Dropbox: Invite non-designers
As told by Sheta Chatterjee, Product Design Manager:
“We really want meetings to be as short as possible. 30 minutes of five people’s time is more than two hours of productive work time.”
To encourage efficient meetings, Sheta decides the length according to the purpose. Informational meetings are short and sweet; decision-making meetings, however, are given a full hour.
Dropbox likes to invite other teams to meetings to help determine whether a designer’s vision is technically feasible.
“When we invite non-designers, we usually go over the project we are presenting on a high-level first.
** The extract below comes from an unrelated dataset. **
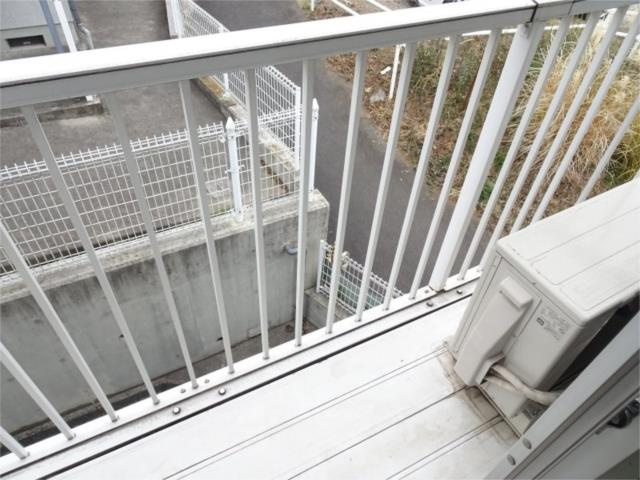 川崎市多摩区西生田３丁目のアパートのバルコニー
We talk about the core problems, the evidence we have that these are problems and why this project is important. This helps us set the context for others in the room who aren’t as deep in the weeds,” she said.
Sheta usually invites a “facilitator” to a meeting to prevent the session heading off on a tangent and to ensure Dropbox fosters a safe space for all ideas to be heard.
“This person is responsible for ensuring everyone has a voice and the meeting keeps to the agenda. If something goes off track, the facilitator will ask to take that topic offline and refocus the agenda.”
Zapier: Use critique squads
As told by Adam Kaplan, Product Designer:
Have you ever attended a series of meetings with different departments and ended up discussing the same subjects at every meeting? Adam Kaplan has found a simple and intuitive way to improve intra-department communication at Zapier by using “Critique Squads” to share ideas and feedback:
“Every squad is made up of front-end engineers, product designers, product marketers, and UX researchers. Having a cross-disciplinary critique helps encourage divergent design ideas and gives us a better insight into the product initiatives across Zapier…The agenda that I send out allows squad members to prepare for each meeting beforehand and provides guidelines for giving critiques.”
Kaplan believes that his Critique Squads are helping Zapier build a more inclusive and collaborative feedback cycle because the relatively small groups allow every voice to be heard.
Pinstriped: Janus Moller, Design Lead
Here at Pinstriped, meetings are our raison d’etre—so it’s no surprise that Janus Moller has some strong feelings about making them lean and productive.Beyond everything else, he recommends keeping all meetings as short as possible; Janus feels that trimming his meetings down shows respect for the attendees, who no doubt have plenty of other uses for that extra fifteen minutes.
Additionally, he believes that Pinstriped’s agenda timers are another great way to show respect:
“I have always disliked looking at the clock during a meeting. I feel it can be stressful for the participants and I don’t like what it signals. I, of course, use our own meeting tool, Pinstriped, for running my meetings and find that the agenda timers are a much more subtle way of sharing with meeting participants where we are in the agenda and how much time we have left.”
Janus finds that the agenda timers also inspire participants to keep the meeting on track without prompting, sparing organizers the unpleasant task of cutting off attendees in mid-discussion.
Can you run a company without meetings? Probably not. But if you can invite just the right people, draw up a great agenda, and use smart strategies to keep your meetings on time and on topic, you might just develop a new appreciation for the humble business meeting.